Women in Gaza are ensuring their families’ survival “with nothing but courage and exhausted hands” as violence continues and essentials remain scarce, the UN’s gender equality agency warned on Tuesday.

UN Women’s Chief of Humanitarian Action, Sofia Calltorp, who returned from a visit to the enclave last week, said women repeatedly told her that “there may be a ceasefire, but the war is not over”.

“The attacks are fewer, but the killings continue,” she said.

The UN aid coordination office, OCHA, warned on Monday that hostilities continue to o be reported in various parts of the Gaza Strip, causing destruction, displacement and casualties.

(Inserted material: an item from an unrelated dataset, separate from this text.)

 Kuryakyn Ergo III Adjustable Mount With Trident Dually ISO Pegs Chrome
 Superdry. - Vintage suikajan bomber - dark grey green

UNICEF said last week that since the Hamas–Israel pause in fighting was announced on 10 October, children have been killed at a rate of two per day.

Struggling to survive

Briefing reporters in Geneva, Ms Calltorp recounted that during her trip across the entire length of the Strip — “from Jabalia in the north to Al-Mawasi in the south” — she saw that “to be a woman in Gaza today means facing hunger and fear, absorbing trauma and grief, and shielding your children from gunfire and cold nights”.

“It means being the last line of protection in a place where safety no longer exists,” she said.

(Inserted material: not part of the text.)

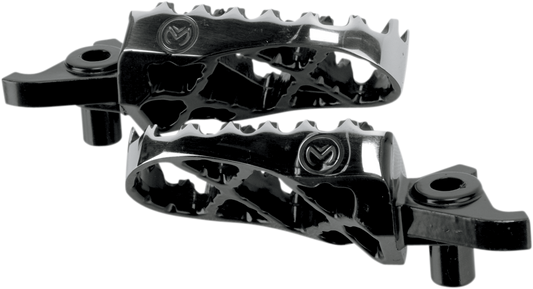 MOOSE Offroad Kawasaki STKXX-5 Hybrid Foot Pegs - Standard Size for Enhanced Grip and Durability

Ms Calltorp noted that more than 57,000 women in Gaza now head their households and are left alone to cope in extremely harsh conditions.

“Women showed me how water soaked through their makeshift tents, leaving the children shivering throughout the night,” she said.

“This is what it means to be a woman in Gaza today — to know that winter is coming, and to know you cannot protect your children from it.”

Food still scarce

She shared the story of a woman whose home had been destroyed — “but every morning, she returns to the rubble to gather wood, burning the doors that once sheltered her family just to make breakfast for her children.”

A month and a half into the ceasefire, food remains scarce and is now four times more expensive than before the war. As an example, she said, an egg costs $2.00 in the Gaza market — “out of reach for women with no income”.

“It’s completely impossible for many of the women I met to feed their families,” Ms Calltorp stressed.

Displacement and disability

The women she met had been displaced “countless times” — in one case, as many as 35 times since the war began in October 2023.

“Every move means packing the little they have, carrying their children, their elderly parents, choosing between one unsafe place and another,” she explained.

She also highlighted a growing “crisis of women and girls newly disabled by this war”, with more than 12,000 now living with long-term war-related disabilities.

With so much stacked against them, Gaza’s women “need the ceasefire to hold, they need food, they need cash assistance, and they need winterisation supplies, health services and vital psychosocial support,” the UN Women official said. She emphasised their eagerness “to work, to lead and to rebuild Gaza with their own hands”.

“No woman or girl should have to fight this hard just to survive. We need more aid to enter Gaza systematically and safely, and we need the killings to stop,” she concluded.